Let me walk you through the systemic risk. First, consider the data: Proposition D was a local ballot measure. Its defeat does not change California state law, which remains one of the most progressive and heavily regulated environments in the United States. The state's Department of Financial Protection and Innovation (DFPI) still enforces strict disclosure requirements for digital asset custodians. The California Consumer Privacy Act (CCPA) still applies to any Web3 application that collects user data. And the state's capital gains tax—which hits crypto traders particularly hard—remains unchanged. A shift in San Francisco's municipal mood does not patch the state-level vulnerabilities.

Second, examine the network effects. The crypto industry is not just about companies; it is about talent pipelines. Many of the engineers, auditors, and legal experts who drove the 2021 boom have already left the Bay Area for jurisdictions with clearer rules—Singapore, Dubai, or even Wyoming. The buildings remain, but the human capital has migrated. Bringing them back requires more than tax stability; it requires regulatory certainty anchored in law, not political cycles. The United States has failed to provide that certainty at the federal level, and state-level changes are at best a weak layer of security.
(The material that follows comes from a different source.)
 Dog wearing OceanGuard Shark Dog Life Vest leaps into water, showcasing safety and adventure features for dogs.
Third, look at the alignment of incentives. Mayor Lurie is up for re-election in 2027. The same voters who rejected Proposition D today may demand bold action on housing, homelessness, or public safety tomorrow. To fund those initiatives, the city may need to raise revenue from other sources—perhaps through new fees on tech companies or a local capital gains surcharge. The crypto industry's current celebration is premature; it is reading the logs of a single block without considering the full chain history.
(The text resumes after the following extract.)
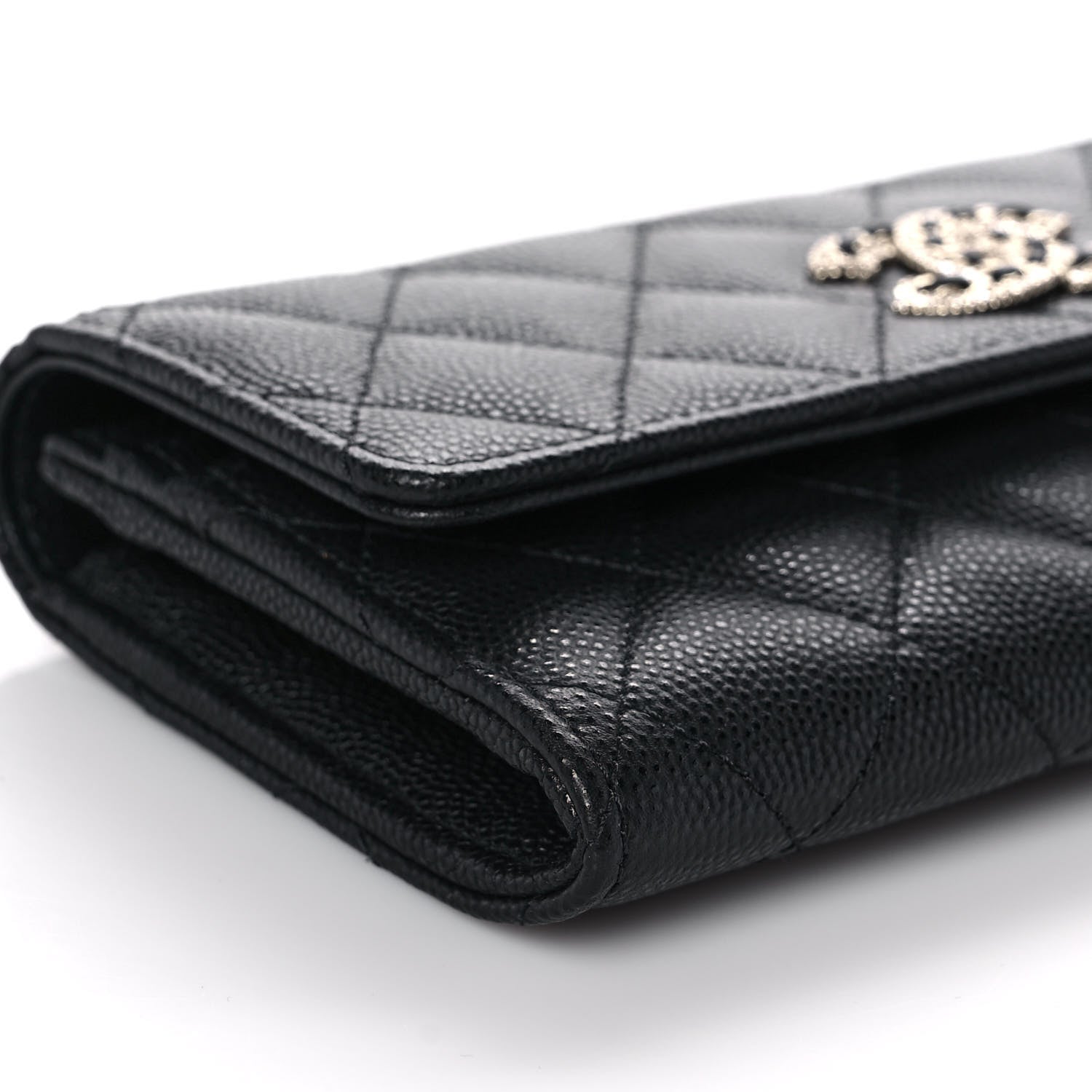 Chanel Caviar Quilted Crystal CC Large Gusset Flap Wallet Black 8 of 11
This brings me to the contrarian angle—what the bulls got right. I concede that the defeat of Proposition D is a positive signal for the local business environment. In the short term, companies may delay relocation decisions, and real estate markets may stabilize. There is also a chance that San Francisco's shift catalyzes a "race to the middle" among California cities, each competing to attract tech talent by lowering barriers. If that happens, the crypto ecosystem could benefit from a multi-jurisdictional regulatory arbitrage within the state itself—a kind of local competition that reduces the overhead of compliance.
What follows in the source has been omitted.